__GIVEN DATA__.
▶

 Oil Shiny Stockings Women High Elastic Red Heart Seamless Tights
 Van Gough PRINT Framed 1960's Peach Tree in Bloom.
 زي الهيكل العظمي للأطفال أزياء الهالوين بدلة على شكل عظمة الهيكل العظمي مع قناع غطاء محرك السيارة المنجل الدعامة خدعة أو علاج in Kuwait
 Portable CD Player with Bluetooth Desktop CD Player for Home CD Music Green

◀

__PROBLEM DESCRIPTION__. Transcribe all of the data above, character for character.

__COMPLETED EXERCISE__.
 Oil Shiny Stockings Women High Elastic Red Heart Seamless Tights
 Van Gough PRINT Framed 1960's Peach Tree in Bloom.
 زي الهيكل العظمي للأطفال أزياء الهالوين بدلة على شكل عظمة الهيكل العظمي مع قناع غطاء محرك السيارة المنجل الدعامة خدعة أو علاج in Kuwait
 Portable CD Player with Bluetooth Desktop CD Player for Home CD Music Green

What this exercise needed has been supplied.